ARE YOU A LOCAVORE? MAKING MASTER STUDENTS IDENTIFY LOCAVORIM BEHAVIOUR THROUGH IN-DEPTH INTERVIEWS

M. Gallarza 1, G. del Chiappa 2, R. Sanchez-Fernandez 3, M. Serrano-Arcos 3

1University of Valencia (SPAIN)
2University of Sassari (ITALY)
3University of Almería (SPAIN)
This paper presents an in-class exercise conducted in the subject Tourism Consumer Behaviour (4 ECTS) to explore inductive skills of students ---Master Degree in Tourism Management and Planning at Universitat de València (Spain).

The aim of the exercise is to explore locavorism behaviour through in-depth interviews made by students to each other.
Locavorism is a consumer ideology (or set of normative belies shared among a group) which makes consumers (as locals and/or tourists) to prefer to buying local products. Far from being a completely new phenomenon, locavorism has been experiencing recently significant grow, because a consumer shift towards ethical issues, such as favoring local product as a way to contribute to reducing the footprint, to mitigate climate change issue and to economically support the local economy and producers.

All locavores by definition share common core beliefs with locavorism being defined by three dimensions, namely : [1].
- Lionization: Among locavores, a core belief is that local (vs. non-local) foods possess superior taste and quality; as an essential part of their ideology, they lionize the foods themselves as intrinsically superior. Inferences of local food superiority.
- Opposition: locavores are against wholly globalized brands, very strongly associated with fast food industry.
- Communalization: They also favoured local communities and cooperatives of production and distribution.

For the subject Tourism Consumer Behavior in the Master program, the students should gain basic knowledge on both general (process of adoption, factors affecting consumer behavior, etc) and specific understanding (in this case to better know Locavorism as a practice). After receiving theoretical classes on the former, the latter is achieved through this practice.

The in-depth interviews includes the following questions:
1. Which type of products you tend to buy and consume when behaving as a locavore?
2. Do you remember when you started to behave as a locavore?
3. Why do you actually behave as a locavore? What does it mean to you to behave as a locavore?
4. Which are the main reasons and benefits incentivising you to behave as such?
5. Have you ever had experienced problems and barriers in behaving as a locavore?
6. Do you also think that behave as a locavore can have some contraindications and produce negative effects/cost to someone?
7. Do you tend to behave locavore just when you are in your place/country of residency, or also when you travel to different places??

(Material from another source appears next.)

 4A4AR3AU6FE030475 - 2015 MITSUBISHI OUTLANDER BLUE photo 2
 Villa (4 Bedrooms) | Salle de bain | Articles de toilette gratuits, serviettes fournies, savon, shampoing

In total 12 in-depth interview were conducted. Specifically, students acting as interviewees were asked to fully transcribe the verbatim of the interview, and extract main topics, whilst students acting as interviewer were asked to write a short report commenting on their task as an interviewer.

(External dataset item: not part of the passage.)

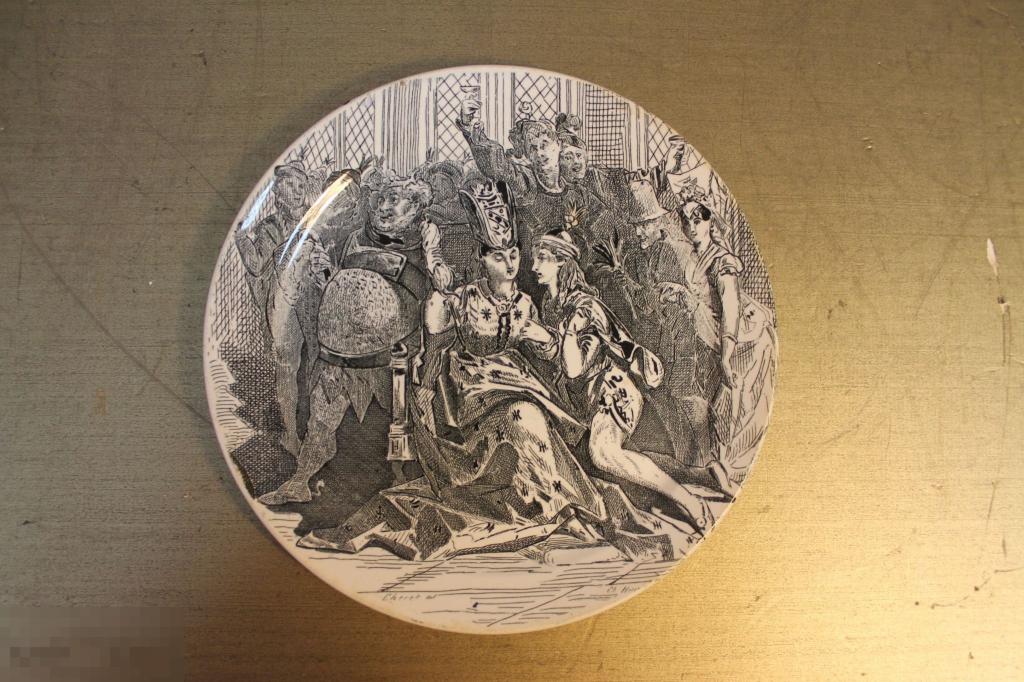 ТАРЕЛКА. ФАРФОР. ЕВРОПА. КЛЕЙМО.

The learning outcomes proposed are:
1. Understand the dimensions (i.e Lionization, Opposition and Communalization) associated with locavores’ behaviour.
2. Identify personal, social and cultural underpinnings of the locavores behaviour.
3. Apply the value proposition as benefits vs. costs to intepret the problems and barriers in preventing individuals to act as a locavore
4. Experience the role of interviewer for practicing qualitative research.

References:
[1] B. J. Reich, J. T. Beck, J. Price, "Food as Ideology: Measurement and Validation of Locavorism” Journal of Consumer Research, vol. 45, no. 4, pp. 849-868, 2018.